• [What is being asked]: With pictures left out, set down exactly the lines from the line containing "Woodcube / architekturagentur - Apartamentos" through the last line of the data.

(Short text fragments from websites)
((

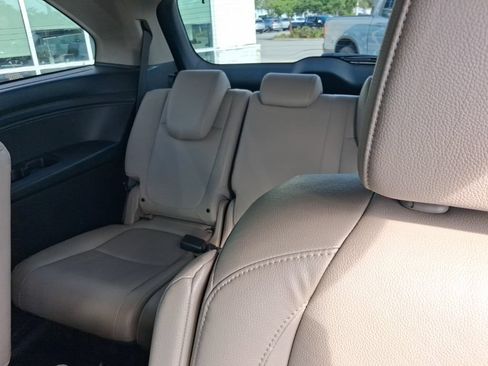 Used 2020 Honda Odyssey EX-L image 21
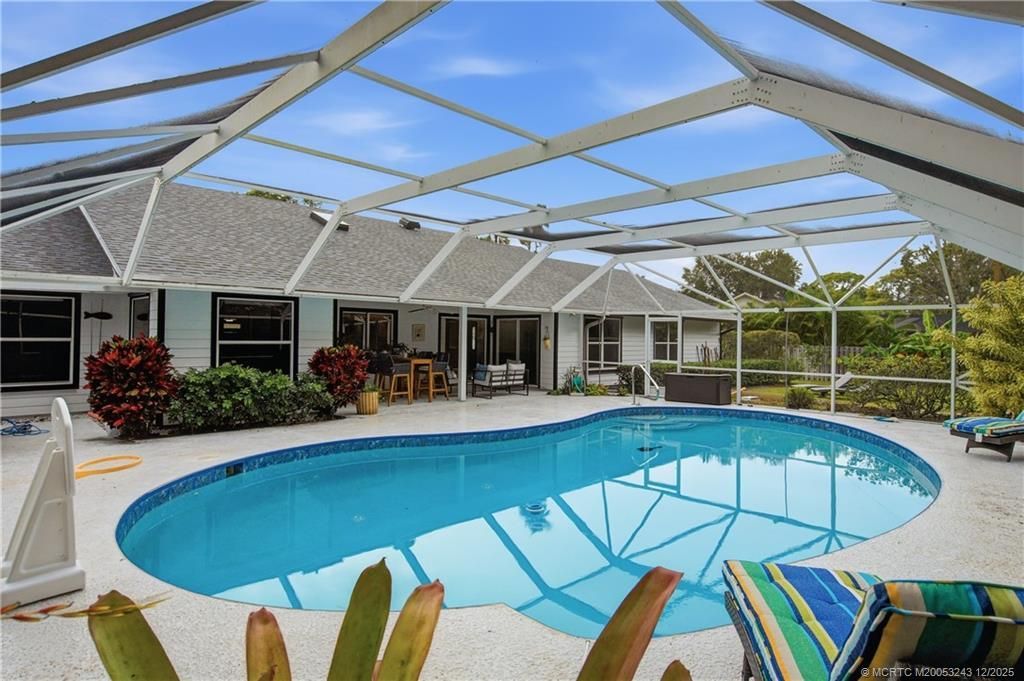 2981 NE Heather Court, Jensen Beach, FL 34957 Photo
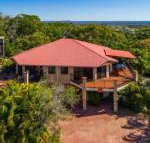 2 / 80 Cooloola Drive Comfortable  cosy unit enjoying ocean views  views to Fraser Island - Accommodation Mooloolaba
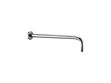 Imagen de Brazo de ducha acero inoxidable 30 cm. c/tapa junta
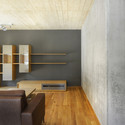 Woodcube / architekturagentur - Apartamentos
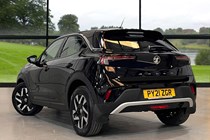 Vauxhall Mokka SUV (20 on) 1.2 Turbo 100 Elite Nav 5dr For Sale - David Hayton Ltd (Autostore Carlisle), Carlisle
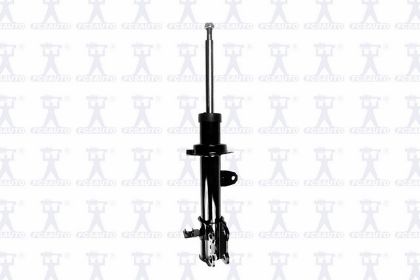 Imagen de Amortiguador Trasero Izquierdo 331616L Para Toyota Mr2 2000-2005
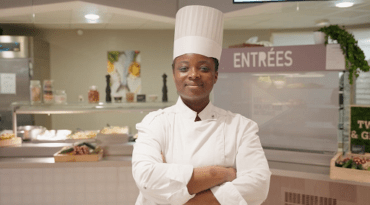 Cuisinier(ère) 2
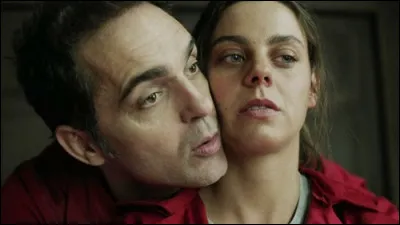 Qui est responsable de l'évasion des otages ?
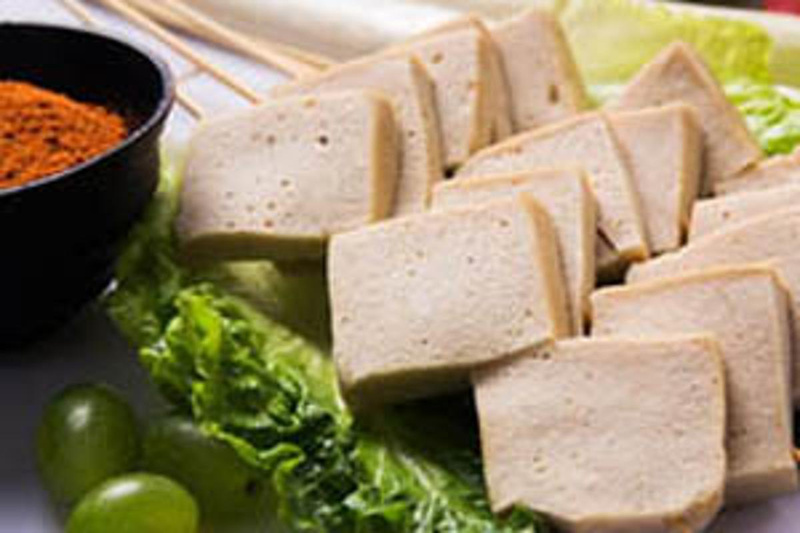 Vegetarisches und Veganes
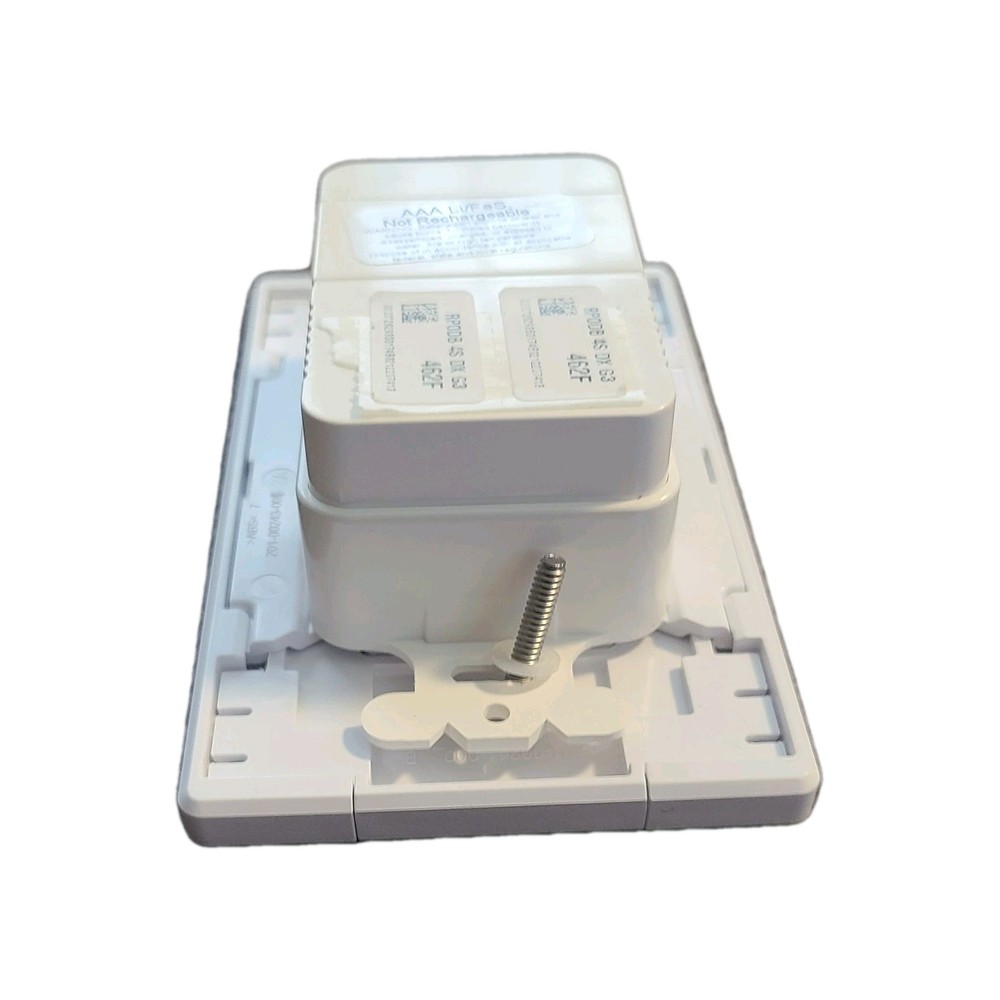 Acuity Controls RPODBA 4S DX WH G2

))

• [Result below]:
 Woodcube / architekturagentur - Apartamentos
 Vauxhall Mokka SUV (20 on) 1.2 Turbo 100 Elite Nav 5dr For Sale - David Hayton Ltd (Autostore Carlisle), Carlisle
 Imagen de Amortiguador Trasero Izquierdo 331616L Para Toyota Mr2 2000-2005
 Cuisinier(ère) 2
 Qui est responsable de l'évasion des otages ?
 Vegetarisches und Veganes
 Acuity Controls RPODBA 4S DX WH G2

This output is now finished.